Designing the electronics board for the final project

• For this week’s assignment I decided to design the the controller board that I will use for my final project. Both the Input & Output devices are done together on the same board.

• In my final project, The barrel of the extruder is to be heated at a set temperature, this will be done by 3 cartridge heaters. To measure the Temp a Thermistor will be used.

BOM

• 1 X 100K NTC Thermistor.
• 3 X Ceramic heater cartridge 12V 40W
• 1 X DC geared motor 12V 8Nm Torque
• 1 X Power supply 24V 30A
• MICRO ATMEGA328P-AU
• Q1 16Mhz Crystal
• C1, C2 18pF
• C3, C4 100nF
• R1-R8 10K
• 4 * IRF540 N channel Misfit
• 5 X Screw terminal

Thermistor

• For Temperature measurements a 100k NTC thermistor will be used. This is the same as used in most of the REP RAP 3D printers.

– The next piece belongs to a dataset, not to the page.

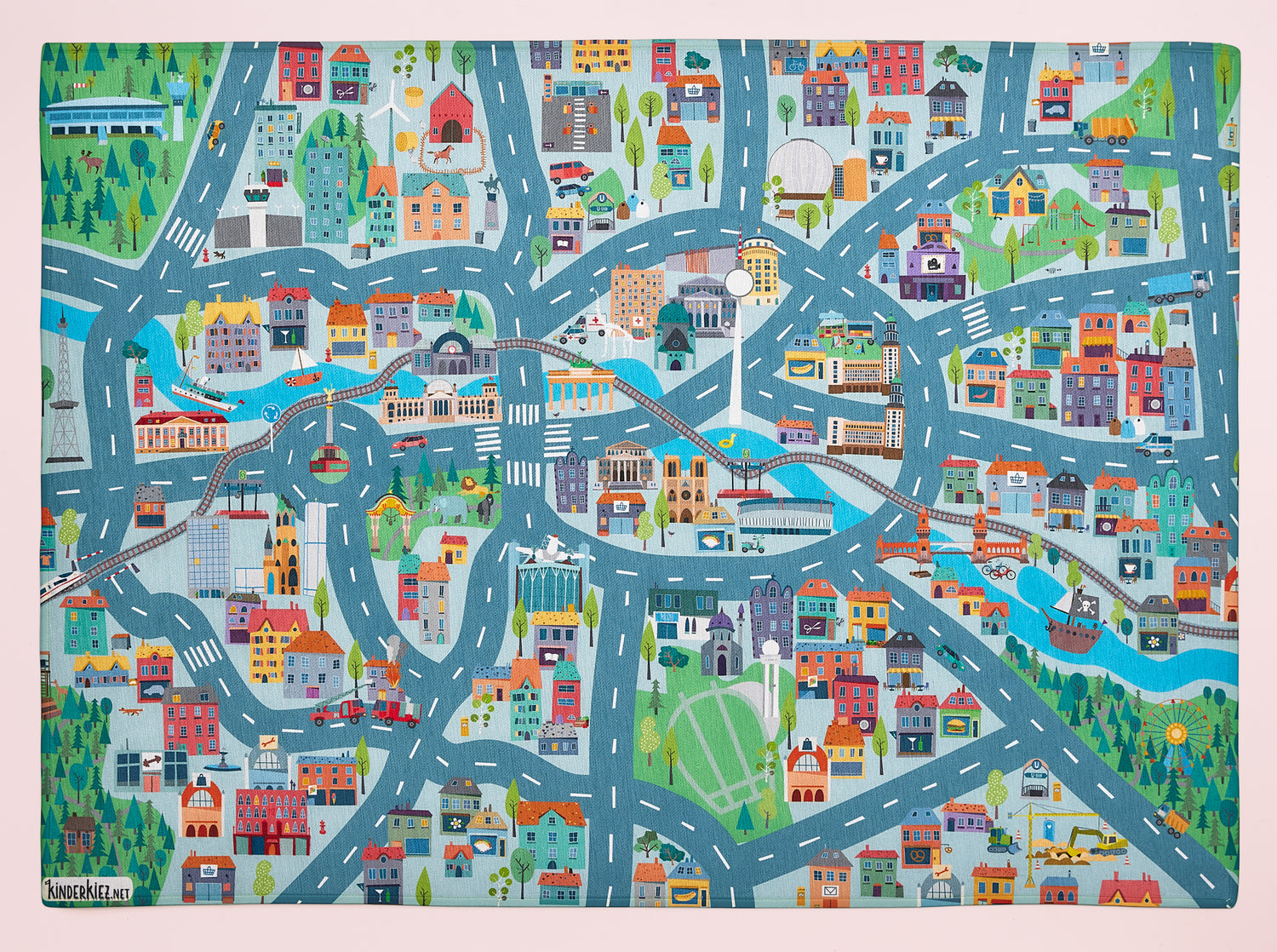 Metropolis Berlin Spielteppich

• Information, theory and basic coded for the thermistor temperature measurement is given on the reprap website.

• Basic Connections

Electronic Design

• I decided to make a DIY Arduino and us an ATMEGA328P-AU to control the nozzle temperature. I will use a 100K NTC Thermistor same as in a 3D printer to have accurate temperature measurements. To heat the nozzle I will use 3 Ceramic heater cartridge and for the same I will need 3 mosfet, 1 more MOSFET for the DC geared motor.

How I designed the Board.

• So the first thing was to decide which microcontoller to use.I decided to use an ATMEGA328P-AU instead of using the Attiny44, since I’d be needing a lot more i/o and PWM ports, also more memory.
• The internet is full of DIY arduino, just have to search Hackaduino and you are good to go.
• One such reference i got for the basic schematic was from How-To: Perfboard hackduino. It’s very simple and use very little component to get going.

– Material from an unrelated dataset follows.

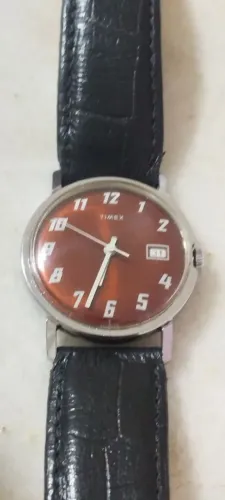 Relógio Antigo Timex Mecânico Manual Com Calendário Vintage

• Also i looked at Satshakit for baisc schematic and the selection of crystal frequency and capacitors.

• After the basic schematic it went on to add a voltage regulator circuit since input voltage to the board is 12v which is regulated to 5v on board for atmega 328p and 12v raw for the heating cartridges. Here is a basic schematic i found on the internet. . Source - Here

Schematic

Kindly open the image in new tab as to zoom and see the image clearly.

• File’s Name in the source folder : Input/Output.sch

Board

• Image of final board
• Unrouted Nets

• Image showing jumpers which are the unrouted nets.

• File’s Name in the source folder : Input/Output.sch

Traces

• File’s Name in the source folder : traces.png

Milling:

• Milling the board was pretty tricky since 328P-AU has very tiny footprint.

• The Atmega 328 package i was using had very low clearance b/w the footprints. I edited the cad of the model and made the footprint small and have more clearance.

• To mill the board I have used the same process described in week 5. After couple of tries I was able to mill the perfect board.

Final Board

• Here is the milled board stuffed with all the components.

• Front–

• Back– Here I have marked the programming and the Serial communication pins for better understanding. These pins are used to programme the board and also communicate using a FTDI cable. Bothe of the processes are mentioned in week-9 & week-13.

Programming the board

• Programming the board is pretty simple. I used a 16mhz clock with 22pf resistor to make sure that the Arduino IDE recognises my board as Arduino UNO which it did.
• I used FabISP to programme the board. Here is the picture of my board marked with the ISPheader pins; MISO MOSI VCC GND RESET SCK. Connect these to the respective ISP pins on the programmer and you are good to go.
• After that You need to burn the bootloader. The fuses are set when the bootloader is dumped to the MCU.
• The final step is to programme the board, You ned to upload select upload using programmer in order to burn the code to the MCU.

• Done Uploading.

  Arduino Input code

• The code is taken from circuit basic’s website.

• The values of constant were perfect as i checked the value of thermistor output against a know temp source.

int ThermistorPin = A2;
int V;
float R1 = 10000;
float logR2, R2, T;
float c1 = 1.009249522e-03, c2 = 2.378405444e-04, c3 = 2.019202697e-07;

void setup() {
Serial.begin(9600);
}

void loop() {

  V = analogRead(ThermistorPin);
  R2 = R1 * (1023.0 / (float)V - 1.0);
  logR2 = log(R2);
  T = (1.0 / (c1 + c2*logR2 + c3*logR2*logR2*logR2));
  T = T - 273.15; 
  Serial.print("Temperature in celcius : "); 
  Serial.print(T);
  delay(500);
}

• File’s Name in the source folder - Temp_input.ino
  

Video

• Ambient Temperature

• Temperature Increases when in contact with soldering iron.